EXERCISE GOAL: Copy every entry below, exactly and in full.

EXTRACTED RECORDS:
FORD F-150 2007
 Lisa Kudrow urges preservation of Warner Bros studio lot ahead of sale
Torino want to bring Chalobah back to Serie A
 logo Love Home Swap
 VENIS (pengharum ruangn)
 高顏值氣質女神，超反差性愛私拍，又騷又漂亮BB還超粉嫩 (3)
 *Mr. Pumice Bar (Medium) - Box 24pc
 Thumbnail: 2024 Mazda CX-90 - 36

SOLUTION:
FORD F-150 2007
 Lisa Kudrow urges preservation of Warner Bros studio lot ahead of sale
Torino want to bring Chalobah back to Serie A
 logo Love Home Swap
 VENIS (pengharum ruangn)
 高顏值氣質女神，超反差性愛私拍，又騷又漂亮BB還超粉嫩 (3)
 *Mr. Pumice Bar (Medium) - Box 24pc
 Thumbnail: 2024 Mazda CX-90 - 36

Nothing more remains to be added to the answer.